"What are you doing here?": O texto inevitável sobre Bojack Horseman

  
     "What are you doing here?" em um tom de voz camp e alegre, como em uma sitcom dos anos 90, é assim que essa frase nos recebe no primeiro episódio da segunda temporada de Bojack Horseman. Em "Brand New Couch" iniciamos uma jornada de um questionamento que, talvez, perdure toda a série, e inegavelmente um dos pontos chaves da segunda temporada, tanto uma frase corriqueira dentro de um roteiro, expondo com facilidade ao espectador o que os personagens fazem em cena, quanto uma reflexão sobre como Bojack é uma personagem cercada pelo fardo de suas decisões não serem tomadas de maneira consciente de seus desejos, quase que em uma reflexão Sartreana do homem como protagonista de sua própria narrativa, ao mesmo tempo que Bojack repetidas vezes se vê como vítima de sua própria história, sentindo-se um expectador, o roteiro nos mostra que, pelo contrário, é o desejo e a dúvida que movem a narrativa, em uma busca pelo que falta, uma busca pelo motivo de todas as decisões em sua busca hedonista por satisfação, uma busca vazia por não acolher os desejos do eu-idealizado. É aí, então, voltando do Novo México, que somos acolhidos com uma frase no episódio final "What am I doing here?", que culmina em uma mudança que parece real (em primeiro momento, mas não vou me ocupar das temporadas que vêm depois dessa) espelhada com a mudança igualmente forçada dos primeiros episódios que nas entrelinhas trazem o questionamento: O que estamos fazendo aqui?

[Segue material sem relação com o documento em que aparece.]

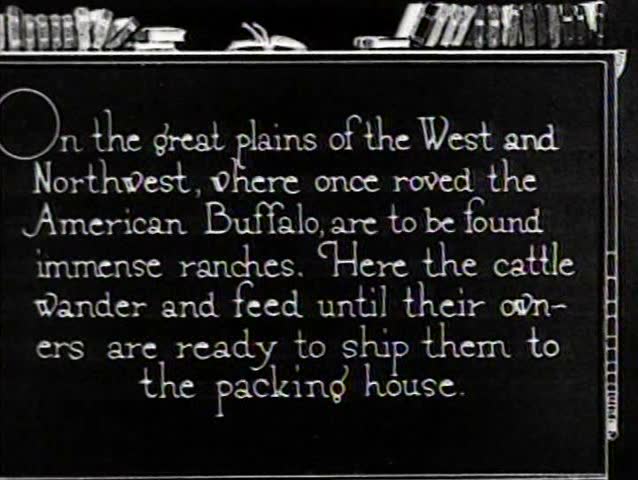 1920s - Cattle are herded on the great plains of America and Canada in 1921.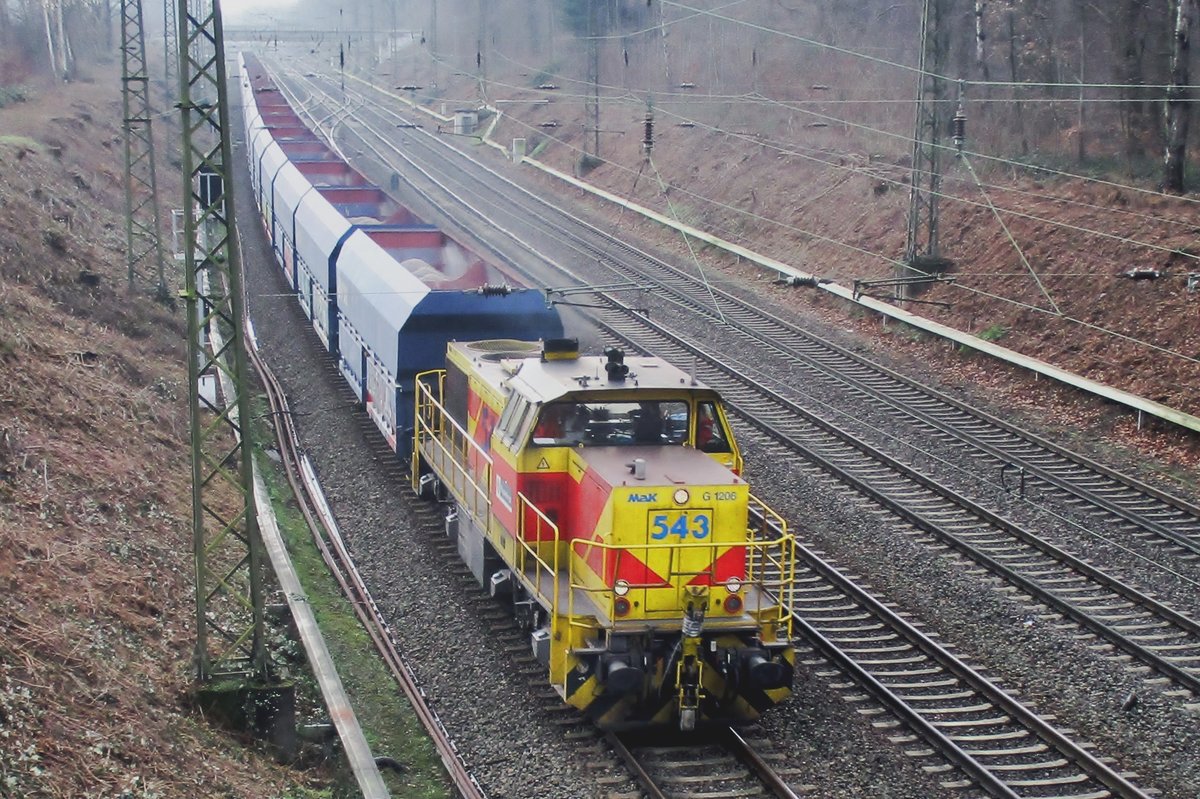 On 30 January 2018 Thyssen 543 hauls a block train through Duisburg and passes the ZOO.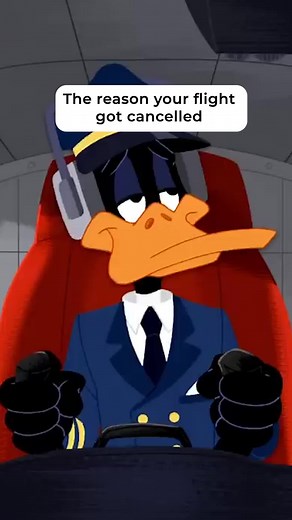 the budget airline experience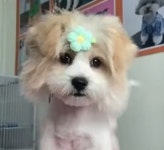 저를 데려가세요! 길 건너 여성을 향해 손 흔들며 간절히 부탁한 유기견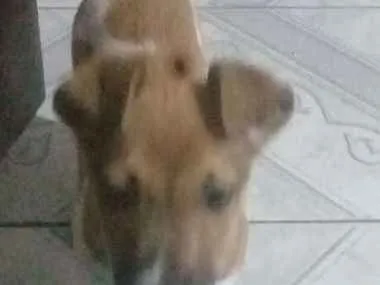 Cachorro ra a Vira lata idade 2 a 6 meses nome Pitoco
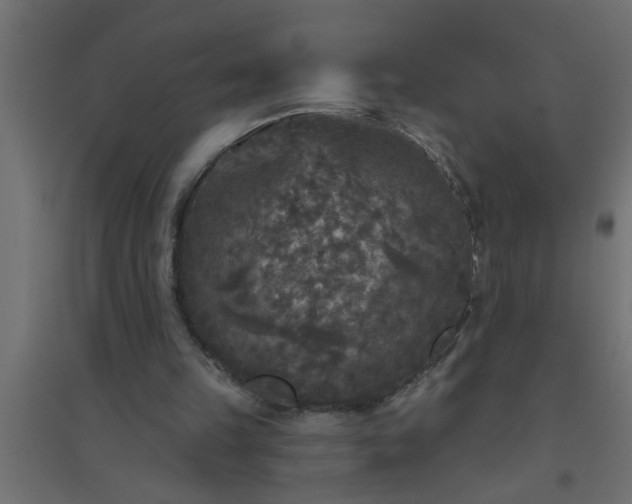 X0000094810149200711241453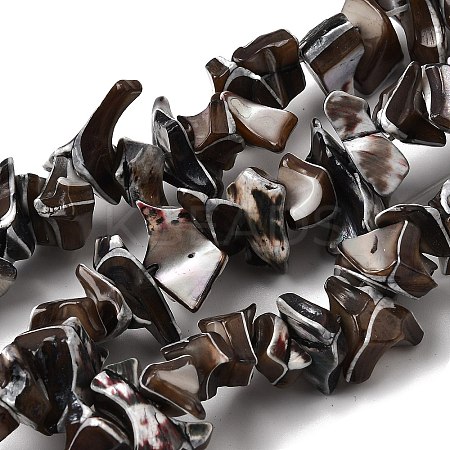 Natural Trochid Shell/Trochus Shell Beads Strands SHEL-B003-02M-1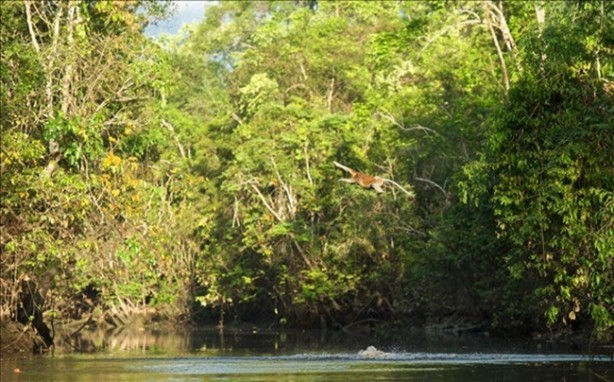 Foto - Anne aslanın merhameti yüreğinizi ısıtacak!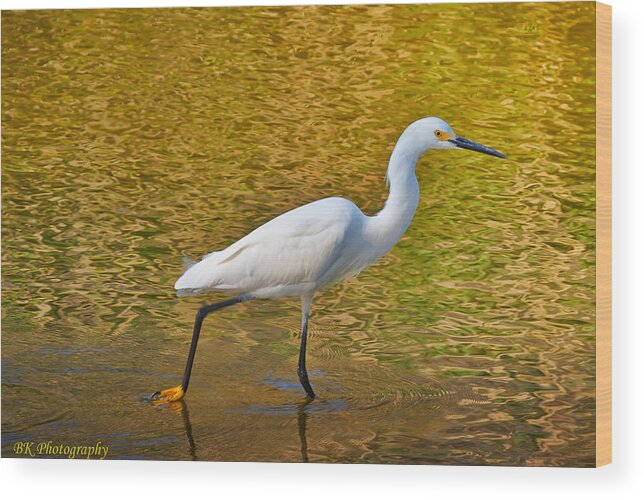 Bird Wood Print featuring the photograph Female Egret by Brian Simpson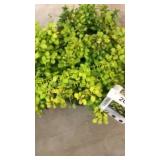 Bonanza Gold Barberry 3 gallon pot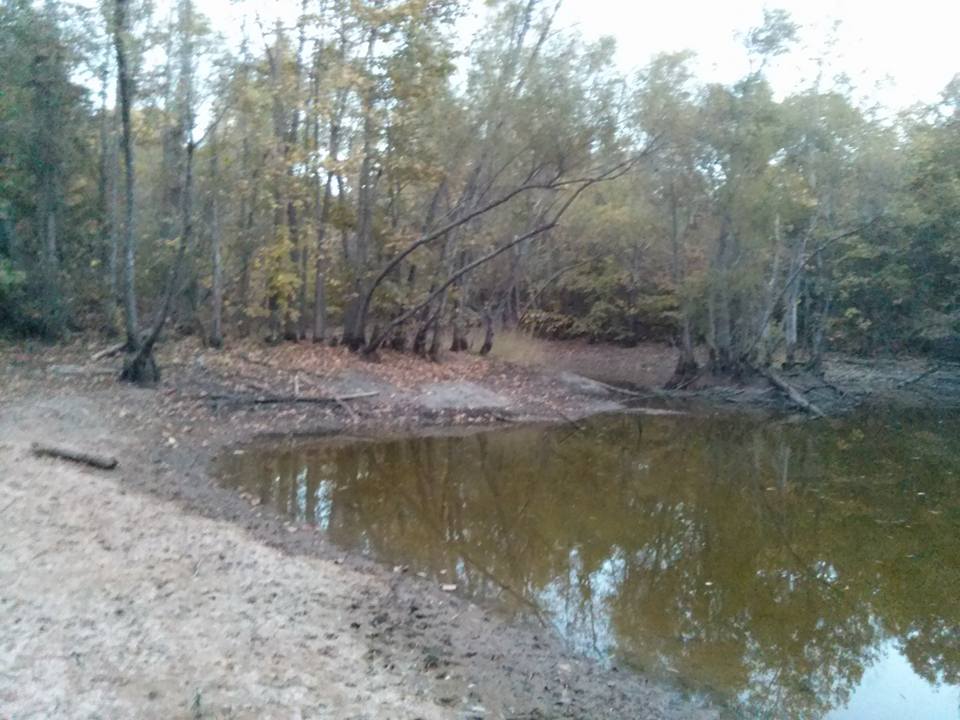 Attached picture pond 3.jpg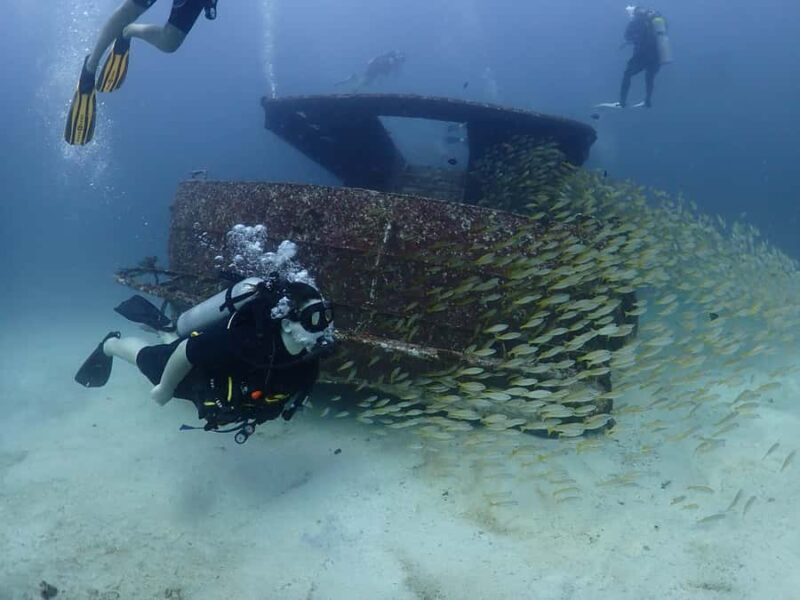 3 Fun Dives for Certified diver at Racha Yai/Noi - The Experience in Context: Why It’s Worth It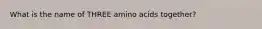 What is the name of THREE amino acids together?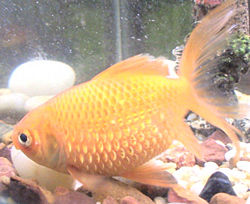 Fish Dropsy (Side)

    Bojack Horseman é uma das minhas séries favoritas, é uma série que marcou a minha adolescência e boa parte da minha relação com saúde mental (pro bem ou pro mal, não é isso que importa aqui), desde que comecei a assistí-la, em 2015, quando eu tinha 16 anos e passava por um dos piores momentos da minha vida, até quando finalmente terminei a minha jornada com o cavalo falante, em 2020, quando eu já era uma pessoa completamente diferente. De qualquer maneira, uma das coisas que sempre me marcou em Bojack é a maneira como o roteiro utiliza o diálogo e as conversas dos personagens, em uma metalinguagem interessante que é tão obviamente serializada, quanto capaz de tornar cada um dos personagens únicos e humanos (mesmo os animais). Desde então, a minha relação com a série é de companheirismo, e em minhas várias vezes a revisitando (fora de ordem, já que cada temporada carrega pra mim um significado muito diferente, ou em ordem, uma vez que a peça final é indiscutivelmente uma jornada extremamente rica), eu sempre notei que a segunda temporada tem uma relação muito distinta com a maneira que expõe a relação dos diálogos com as reflexões da narrativa, principalmente no que se trata da frase "What are you doing here?" - o que talvez se repita na temporada em que o Bojack atua como Philbert, dessa vez, no entanto, ela dialoga com o espectador através do cenário e do figurino de Bojack, para percebermos o estado dissociativo do protagonista, que é um péssimo ator. Em uma rasa primeira reflexão, pensando na primeira vez em que essa frase tem um real destaque na temporada, Bojack tentando dar o tom certo a uma cena dramática do filme de seus sonhos "Secretariat", sem sucesso, reproduzindo um tom caricato e sem sentido, o que nos leva a pensar que, em todos os outros momentos que Bojack fala isso, em momentos complicados, dramáticos ou de indignação, ele está utilizando o tom que deveria ter usado para seu filme, mas eu não gostaria de parar por aí, esse é o caminho mais fácil, no fim, a frase se comunica com todas as narrativas que acontecem durante a temporada, de Los Angeles a Cordovia.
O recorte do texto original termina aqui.